After meetings here yesterday with Treasury Secretary James A. Baker III, Federal Reserve Board Chairman Paul A. Volcker and World Bank and IMF officials, Ruding told reporters that a G-5 meeting scheduled for London on Saturday was not likely to take new actions to push the dollar down further.
At a highly publicized meeting in New York on Sept. 22, the G-5 nations agreed to embark on a coordinated intervention policy designed to bring the dollar down and push other currencies up. In the process -- which has been successful so far -- some of the central banks of G-10 members who are not in the G-5 were called upon to participate in the intervention.
These other G-10 central banks, according to a New York Federal Reserve Bank report, sold more than $2 billion out of the $10 billion worth of intervention against the dollar immediately following the September G-5 meeting.
More pressure on the dollar, Ruding told reporters, would not now be welcomed in Europe because "it might increase fears of a hard landing for the dollar," setting off "panic reactions." Ruding also said that he would welcome, in principle, an agreement advocated by Japan to lower interest rates through a coordinated central bank effort, but doubted that it was feasible.
He praised Baker's Third World debt initiative calling for a 50 percent increase in lending by the multilateral lending banks, along with a $20 billion boost in commercial bank loans over the next three years.
But the Dutch official plans to tell the National Press Club at a breakfast this morning that the initiative "cannot succeed without United States support for a General Capital Increase GCI of the World Bank." U.S. approval, he revealed to Dutch correspondents yesterday, is likely to be forthcoming at the end of 1986.

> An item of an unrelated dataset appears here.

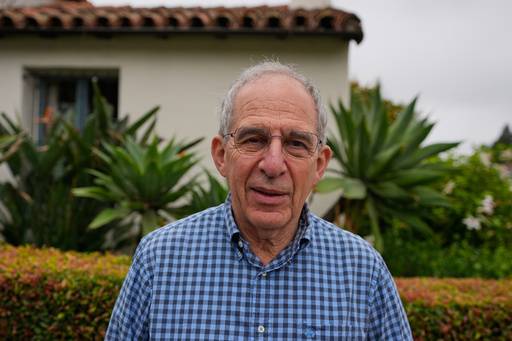 미국의 명문 UC 샌타바버라에&nbsp;재직 중인 미셸 드보레 교수가 7일(현지시간) 노벨물리학상 수상자 선정 소식이 전해진 뒤&nbsp;샌타바버라의 자택 앞에서 사진 촬영에 응하고 있다. 프랑스 국적의 드보레는 양자 컴퓨터&nbsp;연구 분야의 업적으로&nbsp;존 클라크(영국),&nbsp;존 마르티니스(미국)와 함께 올해 노벨물리학상을 공동으로 받게 됐다. AP연합뉴스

He explained to the Dutch journalists that the United States did not want to propose a GCI at the same time that its new federal budget calls for a contribution to the bank's International Development Association activities (IDA-8).
On the issue of the G-5 versus the G-10, Ruding argued that the smaller industrial nations are increasingly active in international financial arrangements, and therefore deserve greater recognition. Without naming them directly, he also implied that England and France -- members of the G-5 -- would prefer to see major decisions made in a G-10 framework.
Those industrial nations left out of the G-5 resent the power exercised by the smaller group over the world economy. The United States, West Germany, and Japan -- in effect a Big Three within the G-5 -- argue that it is difficult to make decisions in the larger group. As recently as last June, the G-10 nations at a special meeting in Tokyo adopted a report that totally opposed coordinated intervention as a tool to bring exchange rates into better balance, a decision that in effect was reversed four months later by the G-5.
In remarks prepared for his Press Club appearance this morning and made available to The Washington Post last night , Ruding said that to deal with the Third World debt crisis, the industrial countries have "a double task" -- to provide money both on a bilateral and multilateral basis to the poor countries, and to pursue adequate policies themselves.